5.9.1.  Minimum Bandwidth of the DetNet Flow

   MinBandwidth is the minimum bandwidth that has to be guaranteed for
   the DetNet flow.  MinBandwidth is specified in octets per second.

5.9.2.  Maximum Latency of the DetNet Flow

   MaxLatency is the maximum latency from Ingress to Egress(es) for a
   single packet of the DetNet flow.  MaxLatency is specified as an
   integer number of nanoseconds.

5.9.3.  Maximum Latency Variation of the DetNet Flow

   MaxLatencyVariation is the difference between the minimum and the
   maximum end-to-end, one-way latency.  MaxLatencyVariation is
   specified as an integer number of nanoseconds.

5.9.4.  Maximum Loss of the DetNet Flow

   MaxLoss defines the maximum Packet Loss Rate (PLR) requirement for
   the DetNet flow between the Ingress and Egress(es) and the loss
   measurement interval.

5.9.5.  Maximum Consecutive Loss of the DetNet Flow

   Some applications have special loss requirements, such as
   MaxConsecutiveLossTolerance.  The maximum consecutive loss tolerance
   parameter describes the maximum number of consecutive packets whose
   loss can be tolerated.  The maximum consecutive loss tolerance can be
   measured, for example, based on sequence number.

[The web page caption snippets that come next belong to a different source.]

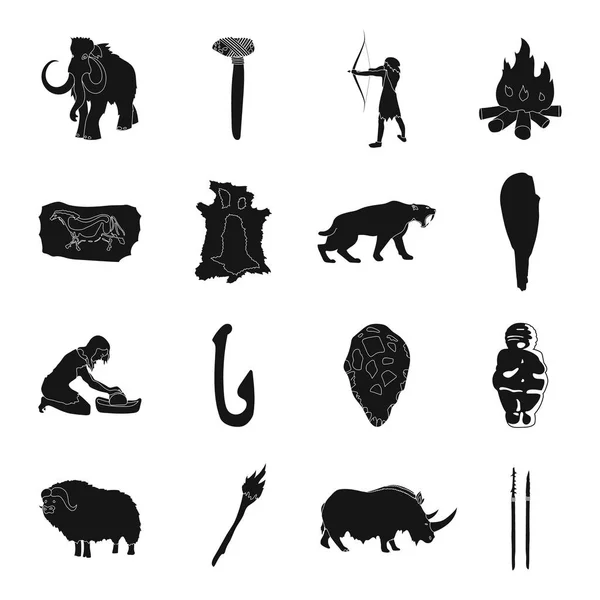 Edad de piedra establecer iconos en el estilo negro. Gran colección de la edad de piedra vector símbolo stock ilustración — Vector de stock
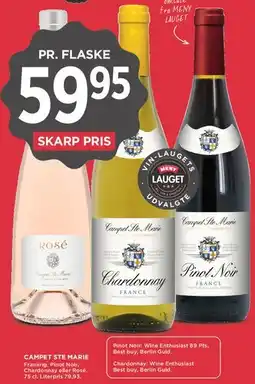 MENY Campet Ste Marie (Chardonnay, Pinot Noir, Rosé) tilbud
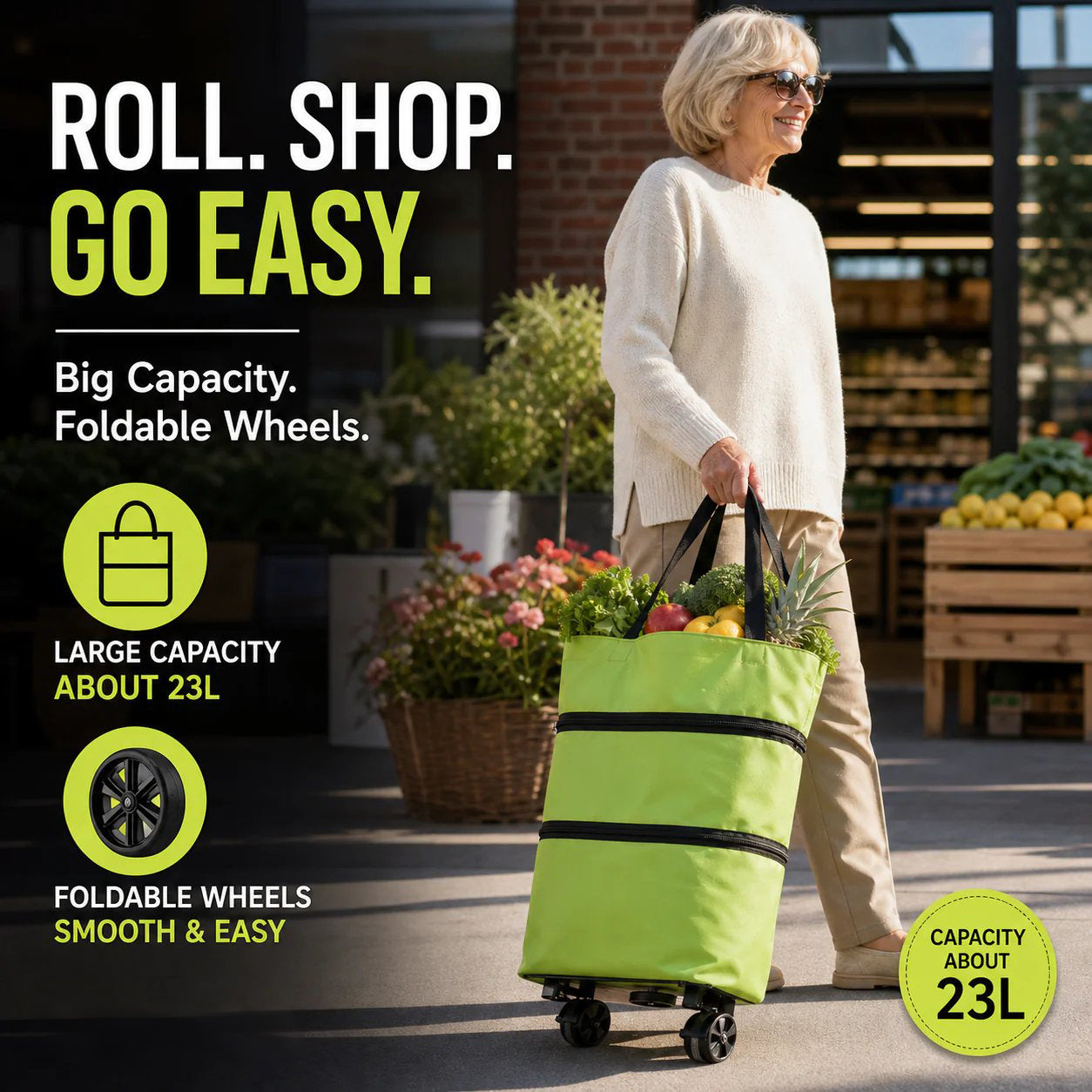 Faltbare 2-in-1 Einkaufstasche | Tragetasche & Roll-Trolley in einem | Platzsparend | CartAway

5.9.6.  Maximum Misordering Tolerance of the DetNet Flow

   MaxMisordering describes the tolerable maximum number of packets that
   can be received out of order.  The value zero for the maximum allowed
   misordering indicates that in-order delivery is required; misordering
   cannot be tolerated.

   The maximum allowed misordering can be measured, for example, based
   on sequence numbers.  When a packet arrives at the egress after a
   packet with a higher sequence number, the difference between the
   sequence number values cannot be bigger than "MaxMisordering + 1".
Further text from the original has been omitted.